== Dataset records ==

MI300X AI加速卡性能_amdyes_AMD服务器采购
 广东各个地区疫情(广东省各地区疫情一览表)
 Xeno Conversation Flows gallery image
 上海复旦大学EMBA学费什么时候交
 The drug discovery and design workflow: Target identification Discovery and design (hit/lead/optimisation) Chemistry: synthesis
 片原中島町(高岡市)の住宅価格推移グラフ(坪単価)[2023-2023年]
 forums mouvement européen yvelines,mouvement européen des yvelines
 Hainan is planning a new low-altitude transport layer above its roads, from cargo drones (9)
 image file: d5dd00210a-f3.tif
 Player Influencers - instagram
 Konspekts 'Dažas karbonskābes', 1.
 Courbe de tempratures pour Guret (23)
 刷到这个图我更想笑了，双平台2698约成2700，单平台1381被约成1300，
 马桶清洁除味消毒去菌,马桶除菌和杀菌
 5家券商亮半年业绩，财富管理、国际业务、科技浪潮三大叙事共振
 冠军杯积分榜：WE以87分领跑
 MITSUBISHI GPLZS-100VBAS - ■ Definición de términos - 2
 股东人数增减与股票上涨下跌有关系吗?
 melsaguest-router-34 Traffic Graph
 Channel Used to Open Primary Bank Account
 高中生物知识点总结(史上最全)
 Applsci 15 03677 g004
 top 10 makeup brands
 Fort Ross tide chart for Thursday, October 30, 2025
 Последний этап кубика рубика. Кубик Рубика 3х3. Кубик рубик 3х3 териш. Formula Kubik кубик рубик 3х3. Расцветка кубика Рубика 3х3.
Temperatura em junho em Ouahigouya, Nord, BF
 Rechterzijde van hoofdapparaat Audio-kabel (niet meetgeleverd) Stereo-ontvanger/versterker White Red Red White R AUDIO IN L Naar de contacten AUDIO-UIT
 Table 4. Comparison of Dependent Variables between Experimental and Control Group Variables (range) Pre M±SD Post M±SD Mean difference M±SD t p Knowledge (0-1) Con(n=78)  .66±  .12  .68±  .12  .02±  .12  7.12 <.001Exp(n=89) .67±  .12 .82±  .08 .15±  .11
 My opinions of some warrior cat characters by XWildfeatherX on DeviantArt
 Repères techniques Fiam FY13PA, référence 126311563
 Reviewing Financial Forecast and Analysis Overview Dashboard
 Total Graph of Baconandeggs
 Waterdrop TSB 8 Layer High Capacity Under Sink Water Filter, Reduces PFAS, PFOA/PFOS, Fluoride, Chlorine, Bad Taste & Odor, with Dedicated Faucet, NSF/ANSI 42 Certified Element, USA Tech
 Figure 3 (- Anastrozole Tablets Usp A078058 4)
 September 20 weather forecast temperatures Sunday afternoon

===

Please retype the records above starting with the line that contains "Table 4. Comparison" and stopping after the last line, changing nothing.

 Table 4. Comparison of Dependent Variables between Experimental and Control Group Variables (range) Pre M±SD Post M±SD Mean difference M±SD t p Knowledge (0-1) Con(n=78)  .66±  .12  .68±  .12  .02±  .12  7.12 <.001Exp(n=89) .67±  .12 .82±  .08 .15±  .11
 My opinions of some warrior cat characters by XWildfeatherX on DeviantArt
 Repères techniques Fiam FY13PA, référence 126311563
 Reviewing Financial Forecast and Analysis Overview Dashboard
 Total Graph of Baconandeggs
 Waterdrop TSB 8 Layer High Capacity Under Sink Water Filter, Reduces PFAS, PFOA/PFOS, Fluoride, Chlorine, Bad Taste & Odor, with Dedicated Faucet, NSF/ANSI 42 Certified Element, USA Tech
 Figure 3 (- Anastrozole Tablets Usp A078058 4)
 September 20 weather forecast temperatures Sunday afternoon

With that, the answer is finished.